Rembrandt takes a deep breath and studies the young lady in front of him. She just shot like someone who's been shooting for a decade, and she really does seem at home in garb - none of the air of selfconsciousness that newbies sometimes have in their first Gold Key tunics - but she's clearly a new newbie. Better not to forget it.
"I don't know what the rules are for fostering because I don't know anything about fostering, really, but at the archery range you can compete with the adults, and I think on the heavy field you can do that when you're sixteen. Bowman is a rank, it means if you get three scores like the one you just did then you are a better archer than if you only scored forty or fifty. It's a good rank. If you earn it then the baron and baroness will give you a badge in court, and if you get the next rank up then the crown gives you a badge."
What sort of question even is that? Did this kid's parents abandon her to the foster system because she wasn't good enough at archery?
"Um.... yeah, I don't think anything we do in the SCA is going to... bring your parents back, or magically make you an adult, I'm sorry." His voice softens slightly. "I wish I could, kid, but I'm just the archery marshal."
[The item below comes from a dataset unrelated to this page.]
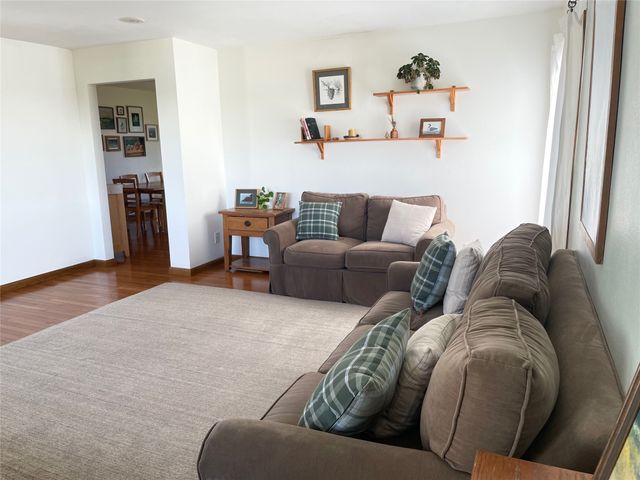 3798 60th Street, Grinnell, IA 50112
She doesn't catch every word of that but she catches enough to gather that - he regrets that it does not work that way, he does not have the power to make it work that way but he agrees it would be good. There is something enormously soothing about that, as little as she generally wants to be pitied, about someone agreeing on some level that it would be unfortunate to be enslaved in a foreign land even if it is not actually something they can do anything about. "I understand," she says. "Thank you."
"Iomedae, sweetie, they've got a stand over there where you can spin wool! Do you want to try that?"
Iomedae gives Rembrandt a conspiratorial smile. "Ma'am, I a bowman. I no do girl work now."
Jenny, who is holding a little tuft of wool in her hands for communication-with-Iomedae purposes, blinks, baffled.
"...if you register three scores that good," Rembrandt hastily amends.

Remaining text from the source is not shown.